» **Directions**
Word for word, restate the lines of the data below between those holding "For work, energy, and" and "So in summary, you", inclusive; pictures do not belong in the copy.
───── Given records ─────
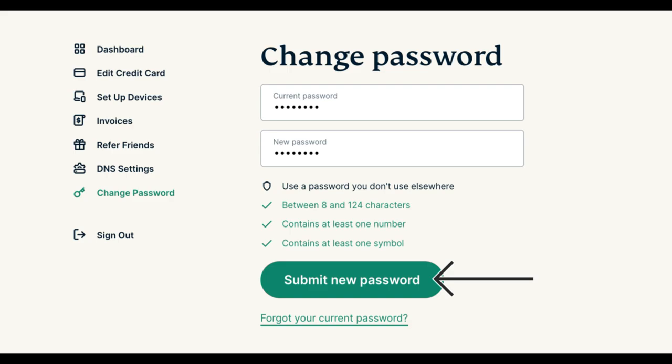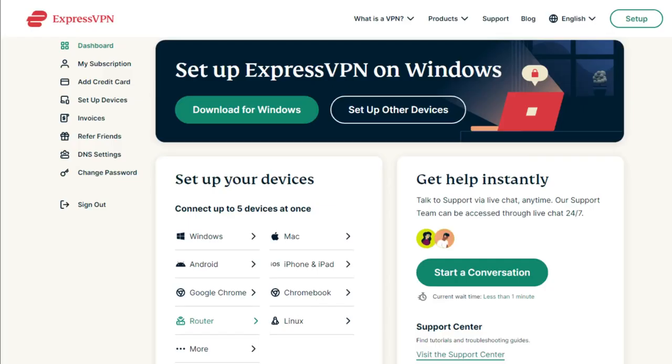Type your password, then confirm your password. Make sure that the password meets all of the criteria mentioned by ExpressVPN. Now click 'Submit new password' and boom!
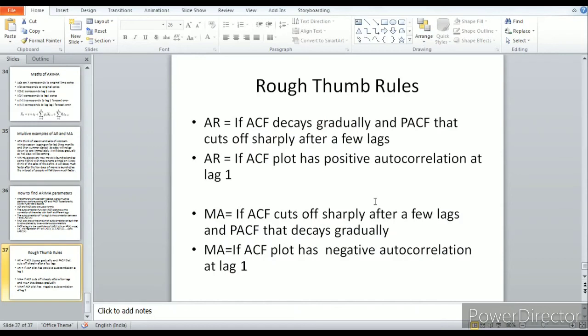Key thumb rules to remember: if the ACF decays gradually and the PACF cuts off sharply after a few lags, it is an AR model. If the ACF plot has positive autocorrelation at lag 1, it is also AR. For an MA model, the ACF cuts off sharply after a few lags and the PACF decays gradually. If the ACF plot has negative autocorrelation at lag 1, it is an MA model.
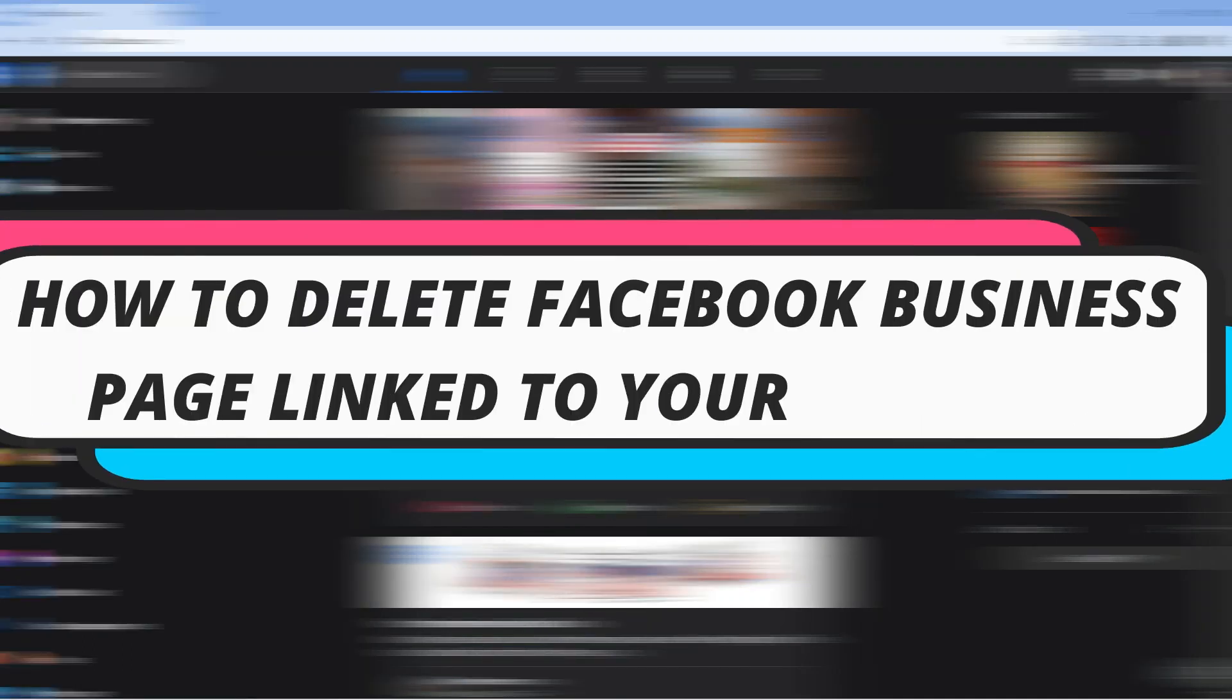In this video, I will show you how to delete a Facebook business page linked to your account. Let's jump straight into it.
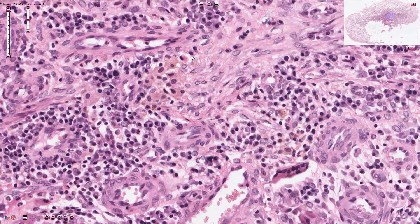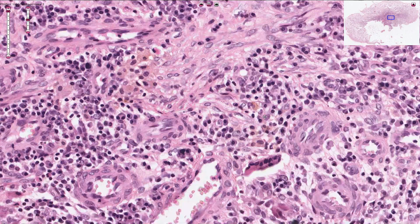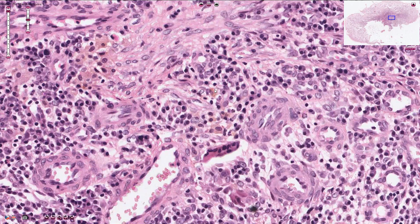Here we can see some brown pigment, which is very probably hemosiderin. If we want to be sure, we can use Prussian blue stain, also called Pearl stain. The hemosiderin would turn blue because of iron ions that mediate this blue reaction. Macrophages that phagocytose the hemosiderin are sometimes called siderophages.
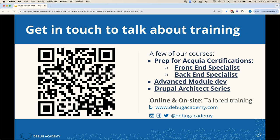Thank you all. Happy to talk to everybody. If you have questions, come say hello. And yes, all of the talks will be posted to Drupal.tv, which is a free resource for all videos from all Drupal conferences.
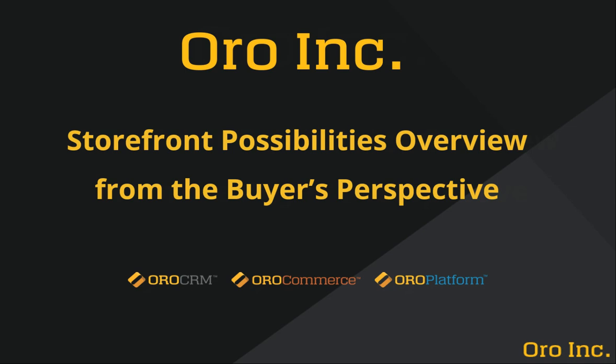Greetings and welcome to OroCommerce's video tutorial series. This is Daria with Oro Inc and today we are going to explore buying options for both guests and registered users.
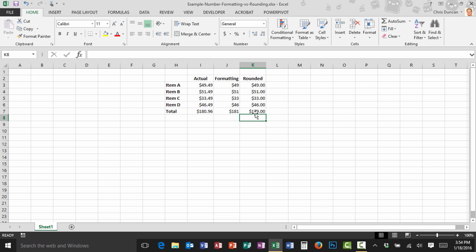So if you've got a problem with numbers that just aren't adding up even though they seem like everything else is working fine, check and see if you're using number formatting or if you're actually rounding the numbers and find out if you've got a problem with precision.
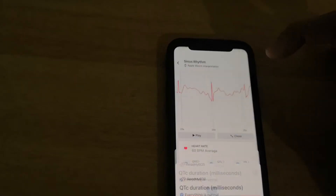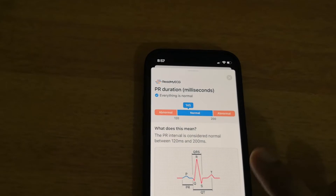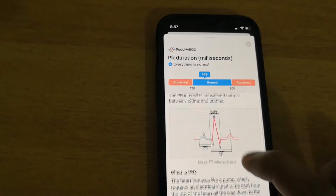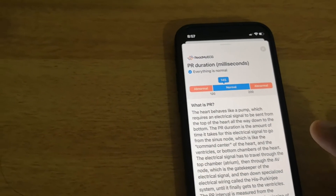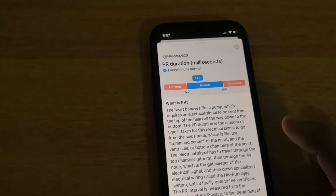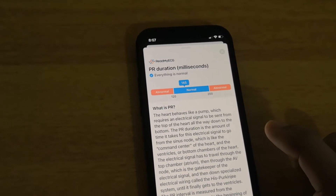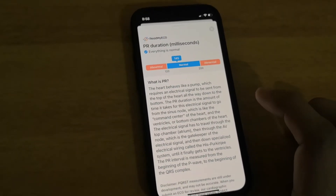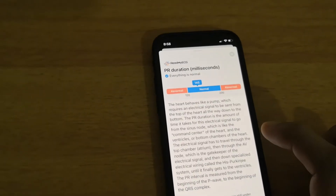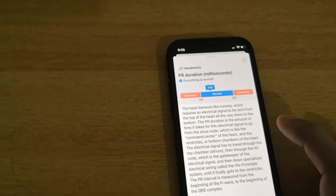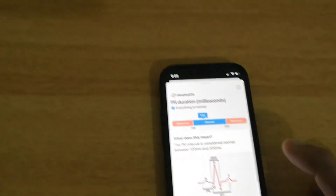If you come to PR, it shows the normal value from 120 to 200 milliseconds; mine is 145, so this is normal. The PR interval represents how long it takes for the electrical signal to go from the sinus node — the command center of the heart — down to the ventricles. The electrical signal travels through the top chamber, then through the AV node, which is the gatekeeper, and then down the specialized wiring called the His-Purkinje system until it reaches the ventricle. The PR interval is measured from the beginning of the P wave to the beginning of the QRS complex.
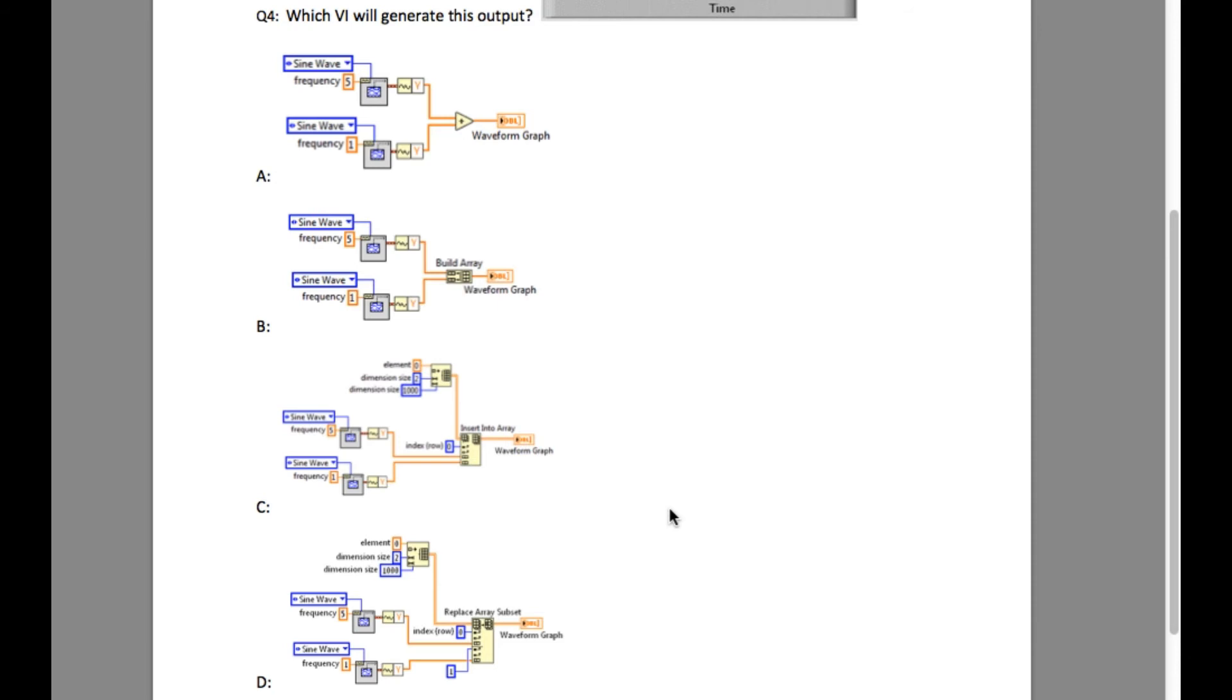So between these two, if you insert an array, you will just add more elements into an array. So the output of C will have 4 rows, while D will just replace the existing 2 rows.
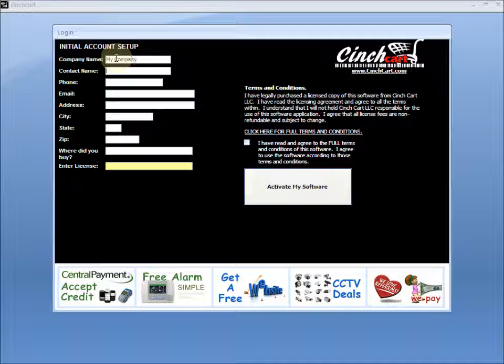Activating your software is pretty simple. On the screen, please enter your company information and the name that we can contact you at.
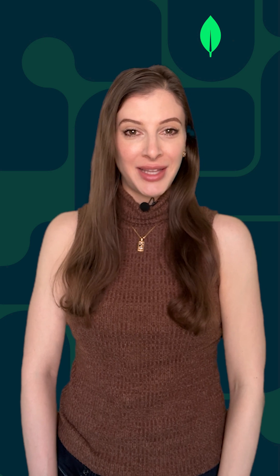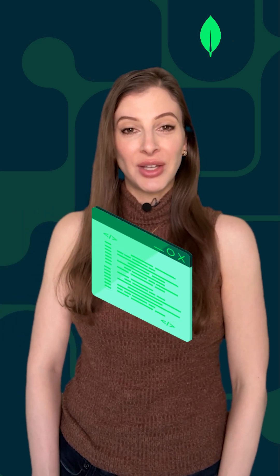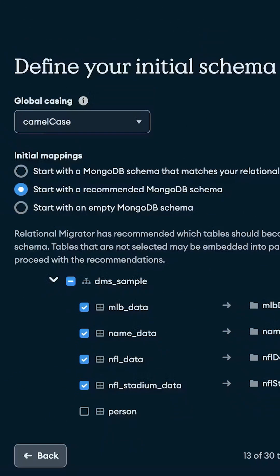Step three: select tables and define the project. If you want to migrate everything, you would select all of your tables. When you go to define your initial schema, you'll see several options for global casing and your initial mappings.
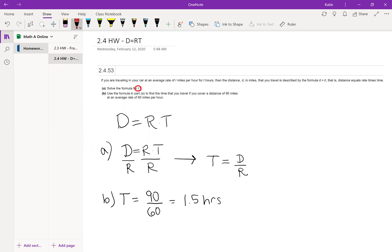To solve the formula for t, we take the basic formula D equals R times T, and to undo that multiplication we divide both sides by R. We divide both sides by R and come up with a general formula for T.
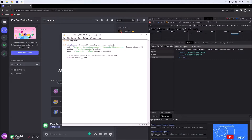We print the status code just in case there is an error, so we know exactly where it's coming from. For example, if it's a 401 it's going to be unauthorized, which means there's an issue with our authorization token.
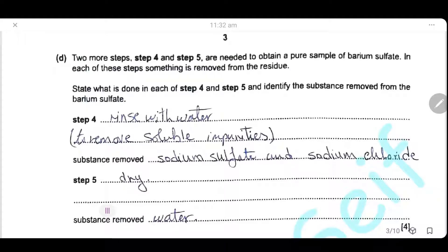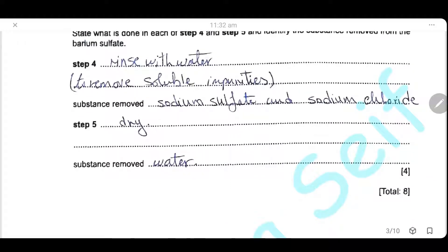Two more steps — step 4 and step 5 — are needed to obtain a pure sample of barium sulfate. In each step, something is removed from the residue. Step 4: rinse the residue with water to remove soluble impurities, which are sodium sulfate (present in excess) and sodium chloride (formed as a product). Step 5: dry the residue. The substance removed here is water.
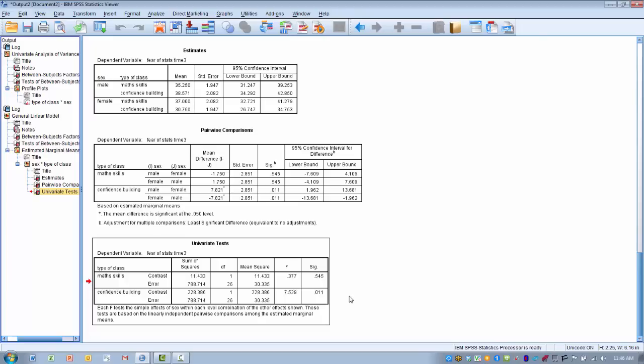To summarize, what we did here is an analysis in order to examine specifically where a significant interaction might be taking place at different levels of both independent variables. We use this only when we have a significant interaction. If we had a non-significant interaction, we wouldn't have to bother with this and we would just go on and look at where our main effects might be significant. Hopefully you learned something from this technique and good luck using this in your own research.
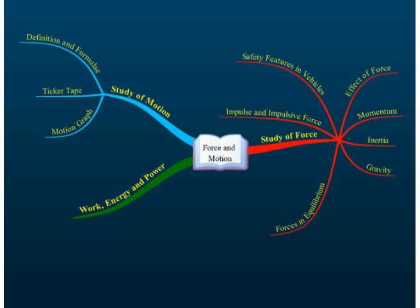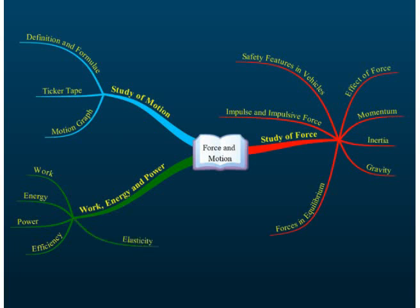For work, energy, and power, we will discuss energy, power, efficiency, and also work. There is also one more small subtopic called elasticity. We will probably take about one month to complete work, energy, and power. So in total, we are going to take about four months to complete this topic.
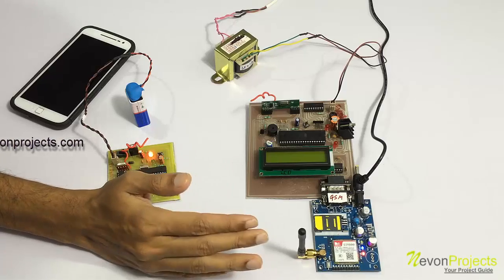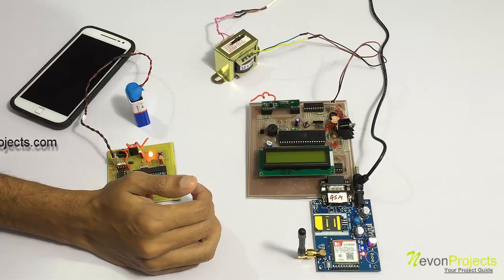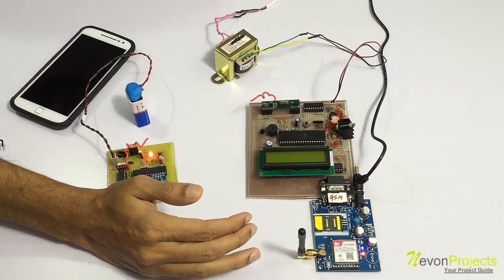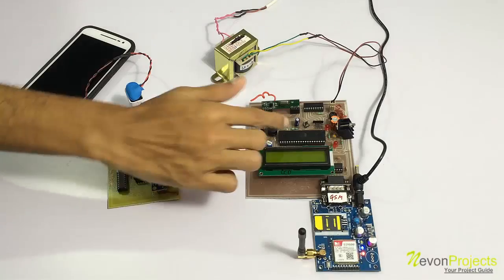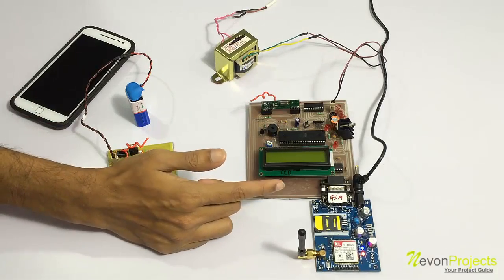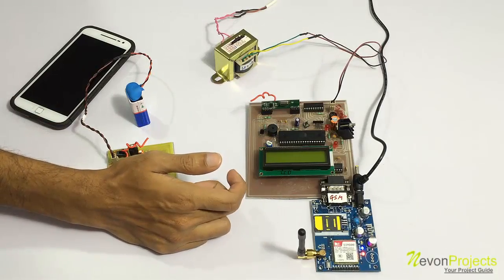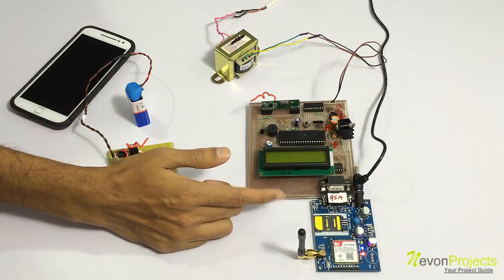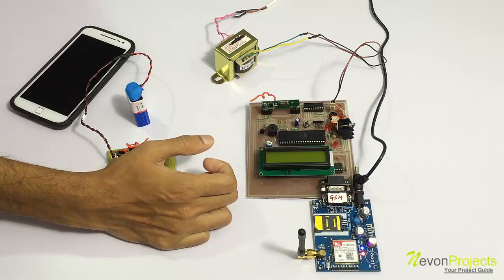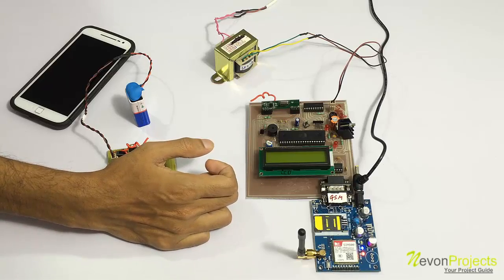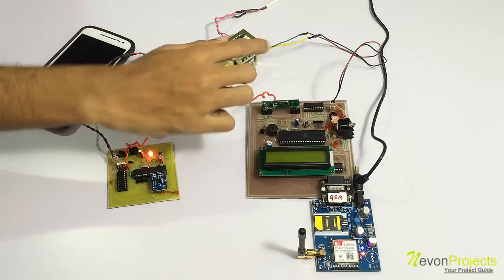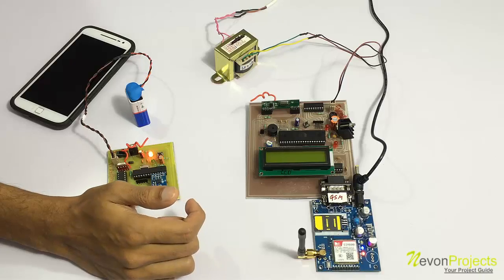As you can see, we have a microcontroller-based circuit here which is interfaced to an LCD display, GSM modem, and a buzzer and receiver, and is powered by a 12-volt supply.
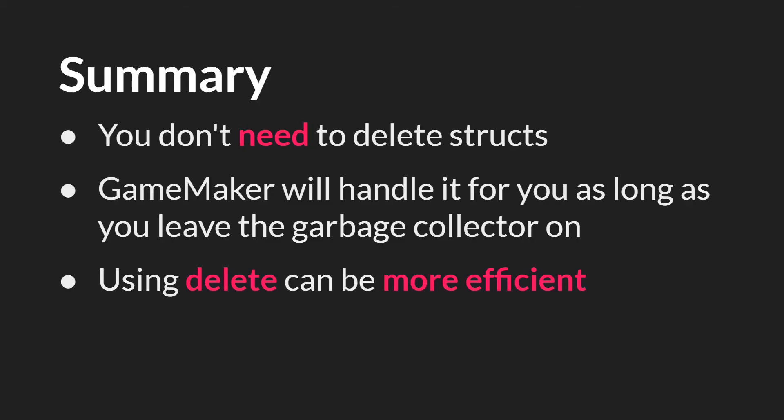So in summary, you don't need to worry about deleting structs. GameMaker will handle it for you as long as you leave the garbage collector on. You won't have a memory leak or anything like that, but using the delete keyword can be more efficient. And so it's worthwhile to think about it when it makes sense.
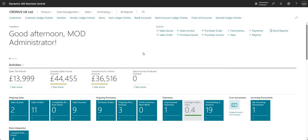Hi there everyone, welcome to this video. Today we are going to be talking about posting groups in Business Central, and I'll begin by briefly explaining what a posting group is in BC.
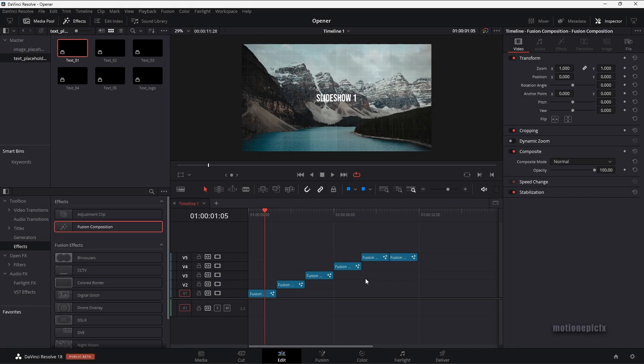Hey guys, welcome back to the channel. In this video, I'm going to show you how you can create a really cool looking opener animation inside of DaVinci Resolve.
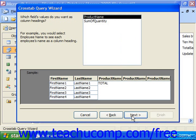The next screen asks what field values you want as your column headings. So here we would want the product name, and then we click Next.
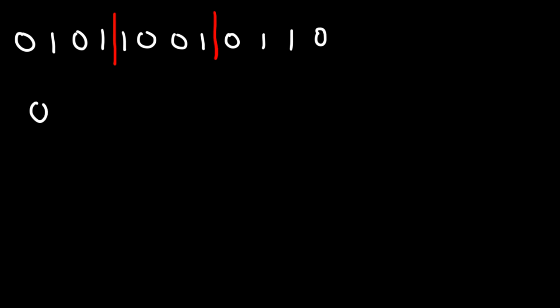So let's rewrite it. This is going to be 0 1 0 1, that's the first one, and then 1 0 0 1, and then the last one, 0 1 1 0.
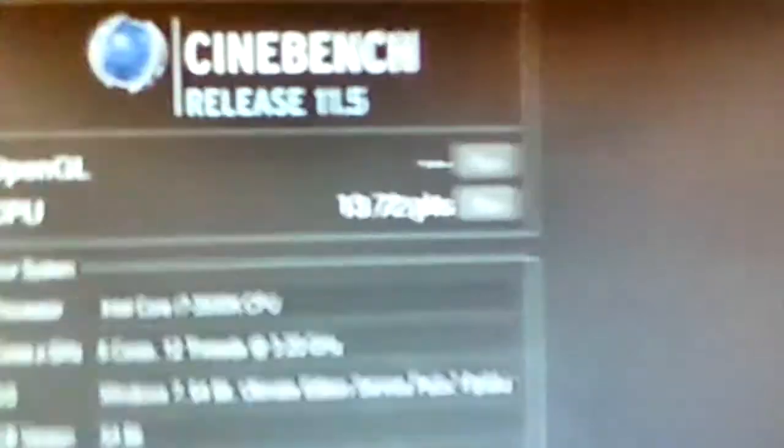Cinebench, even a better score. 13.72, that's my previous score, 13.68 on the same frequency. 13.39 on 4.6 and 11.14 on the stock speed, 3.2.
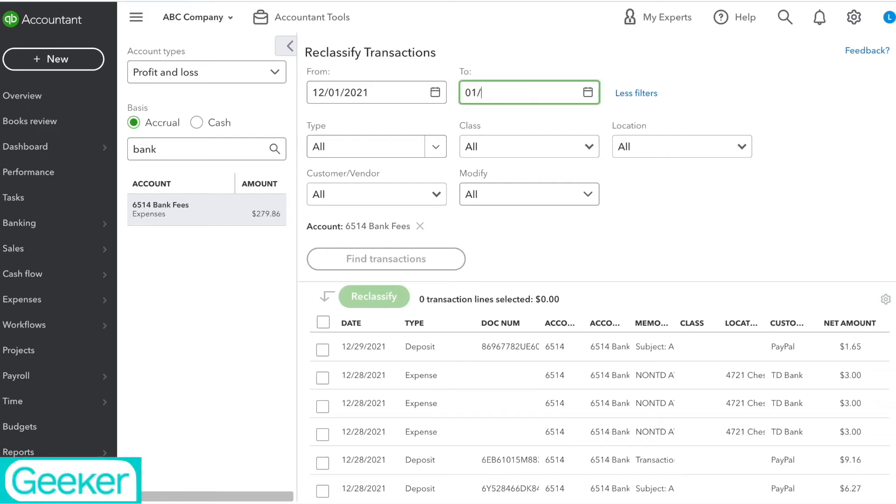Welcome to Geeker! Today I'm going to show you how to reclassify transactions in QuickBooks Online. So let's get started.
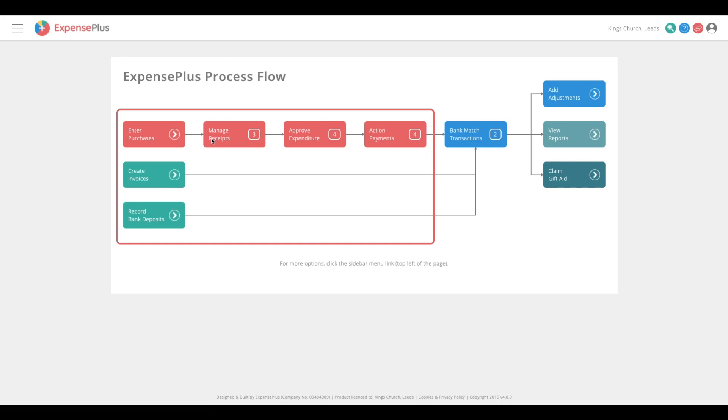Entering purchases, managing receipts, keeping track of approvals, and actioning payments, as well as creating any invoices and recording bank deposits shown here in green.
─────
» **Problem solution**
For work, energy, and power, we will discuss energy, power, efficiency, and also work. There is also one more small subtopic called elasticity. We will probably take about one month to complete work, energy, and power. So in total, we are going to take about four months to complete this topic.
As you can see, we have a microcontroller-based circuit here which is interfaced to an LCD display, GSM modem, and a buzzer and receiver, and is powered by a 12-volt supply.
So in summary, you don't need to worry about deleting structs. GameMaker will handle it for you as long as you leave the garbage collector on. You won't have a memory leak or anything like that, but using the delete keyword can be more efficient. And so it's worthwhile to think about it when it makes sense.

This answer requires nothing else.